Currently, it is unclear whether there will be any formal version of a policy such as the Quadrilateral Strategic Dialogue (QSD) that was unveiled in 2007 by the Japanese Prime Minister, Shinzo Abe. But what is clear is the bilateral relations between Asia's maritime democracies — India, the United States, Australia and Japan — are stronger than ever. These four countries interact regularly at a military-to-military level as well share intelligence regularly.

The United States' "rebalance to Asia" was always going to be complicated because of the special nature of the U.S. relationship with China. While the United States and China compete on geopolitical and military terms, they are also deeply dependent on each other economically. To add to the complexity, China has slowly but steadily replaced the United States as the largest trading partner for almost all the Asian states, and many of these states consider China as an important vehicle for their future growth. Thus, the United States and its allies in Asia find themselves in a difficult situation: they want the United States to protect them from any Chinese aggression but at the same time also want the United States to be sensitive to Chinese interests.

There is no denial that the U.S. presence in Asia provides stability and certainty to India.

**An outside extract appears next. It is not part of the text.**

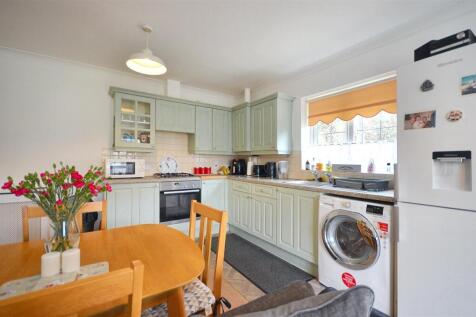 2 bedroom semi-detached bungalow for sale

There is also increasingly less doubt that India finds comfort in a U.S.-centric world order based on shared values and mutual perceptions of stability. The U.S. presence in Asia ensures peaceful resolution of disputes as well as economic progress. It is unclear if India has the capacity or the resources to address challenges posed by a rising China on its own or with the cooperation of its other allies. For this reason, it is important that India and the United States deepen their engagement on military, economic and security levels to make the U.S. rebalance a success.